企業に法令を順守させるべき厚生労働省の有望な天下り先は、企業を支援する政府系金融機関という構図……。官僚出身の著者が「政官業癒着」というように、厚労省は企業ベッタリになってしまっているのだ。
一方、労働者に対してはどうか。労働者に不利な規制緩和ばかり進んできたことについて『ニッポンの規制と雇用』は、労働者に政治的後ろ盾がないことを指摘する。

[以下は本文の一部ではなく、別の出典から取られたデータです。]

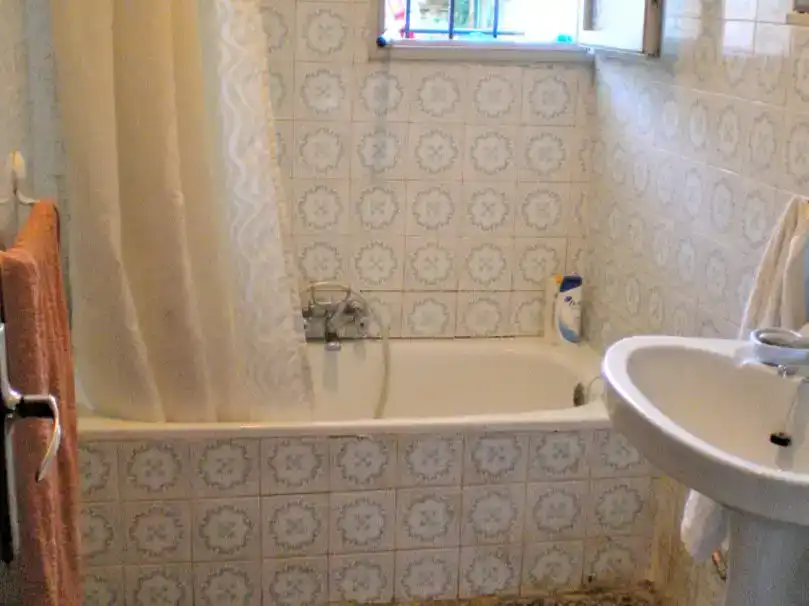 Bany de Pis en venda en Cea amb Jardí privat, Traster i Moblat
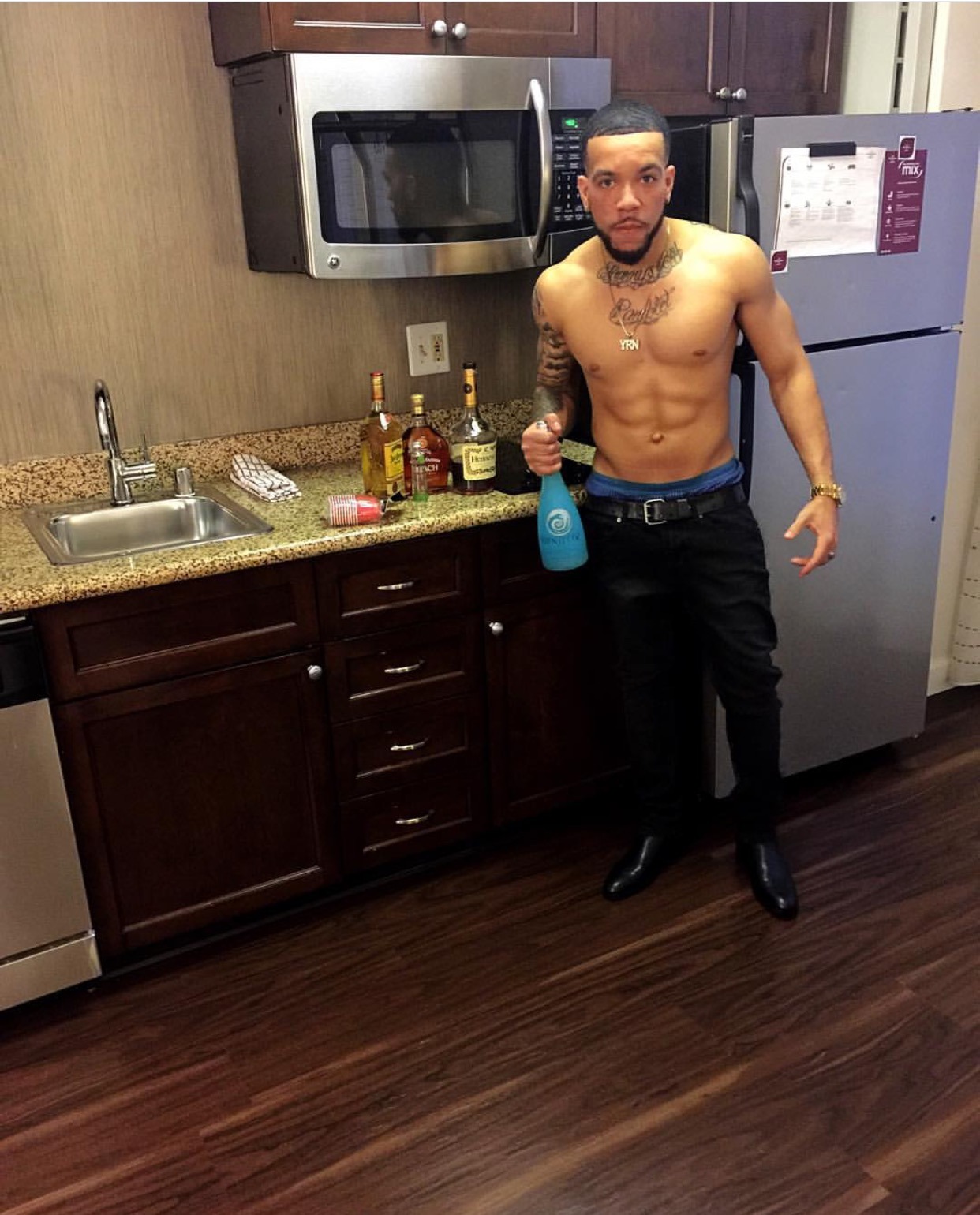 luv2bslappedaround:  When Black Alpha wants a white cash fag to be his bartender…..what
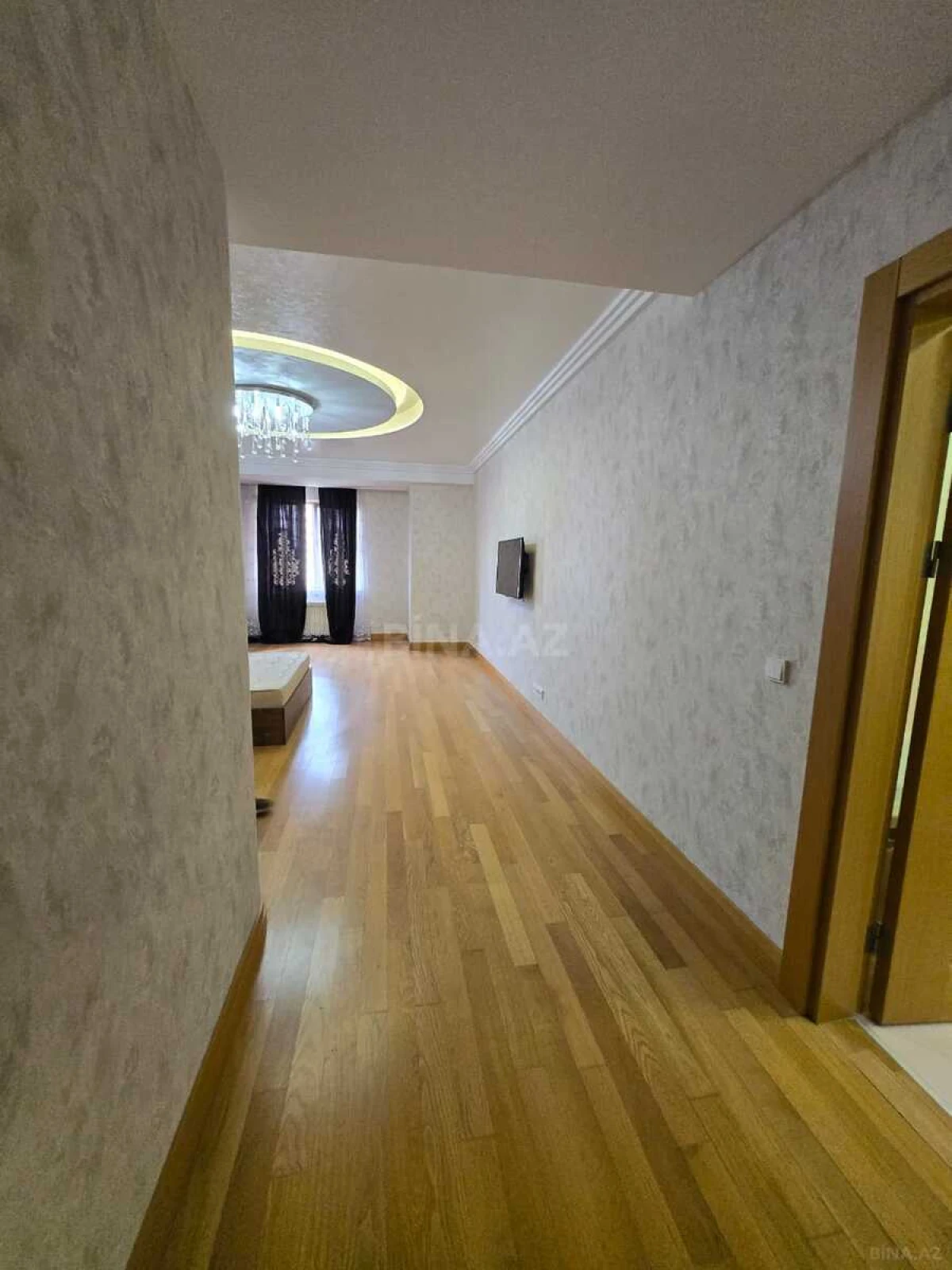 Kirayə verilir 5 otaqlı mənzil 280 m²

「規制緩和の実態はドロドロした権力闘争であり、政府がどの分野を取り上げるかは、役所とその応援団の力次第という側面がある。(略)ある時、規制緩和担当の事務局に対して『なんで労働規制ばかり取り上げるんですか? もっと他に取り上げるべき規制があるでしょう!』と文句を言ったことがある。担当者は悪びれもせず『だって自民党に(労働者の)応援団もいないでしょ。取り上げやすいじゃないですか』と答えた」というのだ(同書より)。
労働組合があるじゃないか、との指摘もあるが、日本の労働者は「企業別労働組合」によって分断されている事情がある。とくに非正規労働者については強い圧力団体をもっておらず、なんの政治的な力もない。ようするに、政府は一番弱く、やりやすいところから、狙い撃ちして規制緩和をしてきたのだ。
しかも、この労働規制緩和は安倍政権になってさらにエスカレートされる方向にある。「モノ発言」の厚労省課長が口にした派遣労働者受け入れ期間の制限をなくす労働者派遣法改正案、事務職の一部を対象に労働時間規制の適用を除外し、時間ではなく成果で賃金を支払う「ホワイトカラー・エグゼンプション」導入を盛り込んだ労働基準法改正案も今通常国会で議論される予定だ。
この流れを止めないと、我々国民は永遠に「モノ扱い」され続けることになるだろう。